- Records for this exercise:
/---

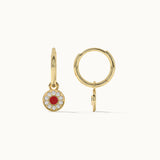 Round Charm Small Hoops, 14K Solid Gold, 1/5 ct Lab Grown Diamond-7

\---
/---

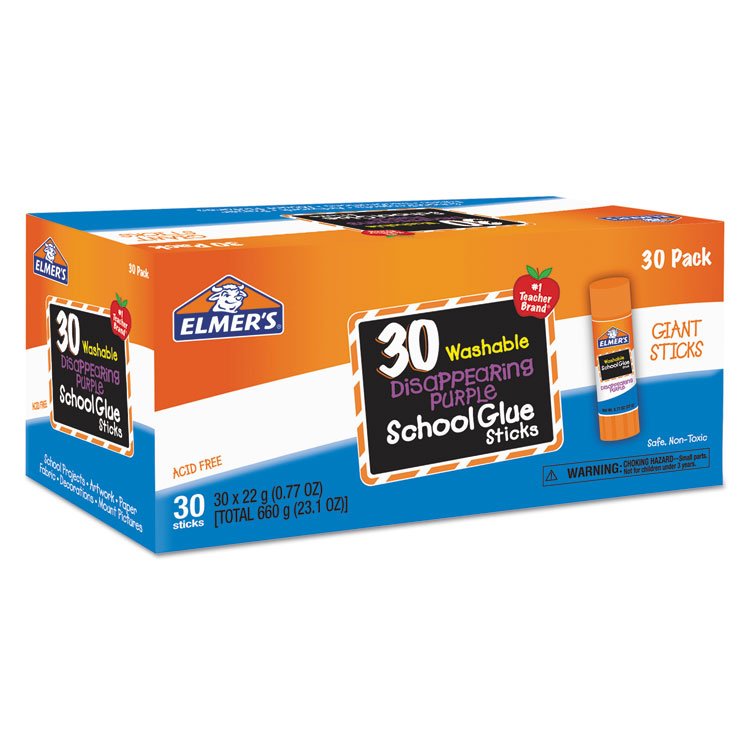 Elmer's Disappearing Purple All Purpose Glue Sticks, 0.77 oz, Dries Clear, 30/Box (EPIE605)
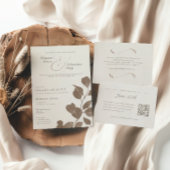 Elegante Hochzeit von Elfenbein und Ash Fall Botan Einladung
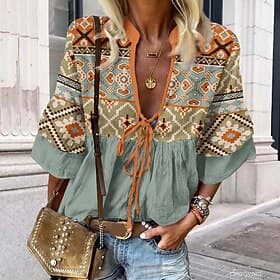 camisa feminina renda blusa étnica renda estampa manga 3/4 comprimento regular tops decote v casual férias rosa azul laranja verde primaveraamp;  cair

\---

- Problem to solve: Your copy should hold only the lines above from the one containing "Elegante Hochzeit von" through the one containing "camisa feminina renda", exactly as written and free of pictures.

- Task response:
 Elegante Hochzeit von Elfenbein und Ash Fall Botan Einladung
 camisa feminina renda blusa étnica renda estampa manga 3/4 comprimento regular tops decote v casual férias rosa azul laranja verde primaveraamp;  cair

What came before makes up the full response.